Mean absolute error: 380.349 grams

We now aim to plot the predictions from the individual trees in the forest. For that purpose you have to create first a new dataset containing evenly spaced values for the flipper length over the interval between 170 mm and 230 mm.

# solution
import numpy as np

data_range = pd.DataFrame(np.linspace(170, 235, num=300), columns=data.columns)

The trees contained in the forest that you created can be accessed with the attribute estimators_. Use them to predict the body mass corresponding to the values in this newly created dataset. Similarly find the predictions of the random forest in this dataset.

# solution
tree_predictions = []

for tree in forest.estimators_:
    # we convert `data_range` into a NumPy array to avoid a warning raised in scikit-learn
    tree_predictions.append(tree.predict(data_range.to_numpy()))

forest_predictions = forest.predict(data_range)

Now make a plot that displays:

the whole data using a scatter plot;
the decision of each individual tree;
the decision of the random forest.

# solution
import matplotlib.pyplot as plt
import seaborn as sns

sns.scatterplot(
    data=penguins, x=feature_name, y=target_name, color="black", alpha=0.5
)

# plot tree predictions
for tree_idx, predictions in enumerate(tree_predictions):
    plt.plot(
        data_range[feature_name],
        predictions,
        label=f"Tree #{tree_idx}",
        linestyle="--",
        alpha=0.8,
    )

plt.plot(data_range[feature_name], forest_predictions, label="Random forest")
_ = plt.legend(bbox_to_anchor=(1.05, 0.8), loc="upper left")
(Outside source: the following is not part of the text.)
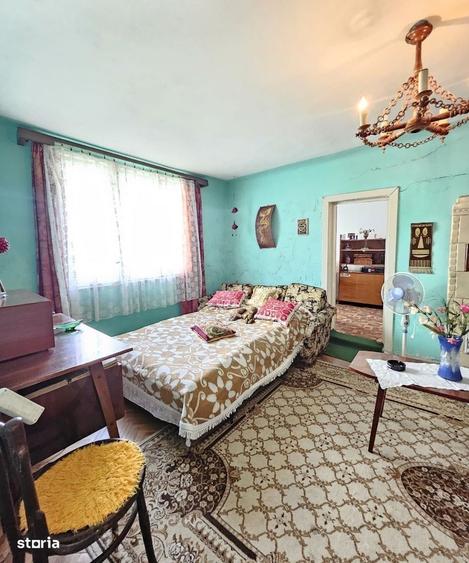 Apartament cu 4 camere semidecomandat în Central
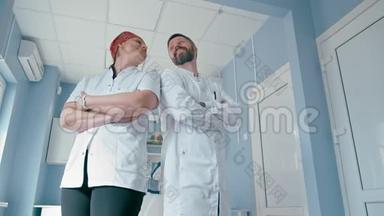 站在医院病房里的两位自信医生的画像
../_images/8e146322da3221f3dca6770906e357a96097a319d7a525378129176ad104df6b.png

The random forest reduces the overfitting of the individual trees but still overfits itself. In the section on “hyperparameter tuning with ensemble methods” we will see how to further mitigate this effect. Still, interested users may increase the number of estimators in the forest and try different values of, e.g., min_samples_split.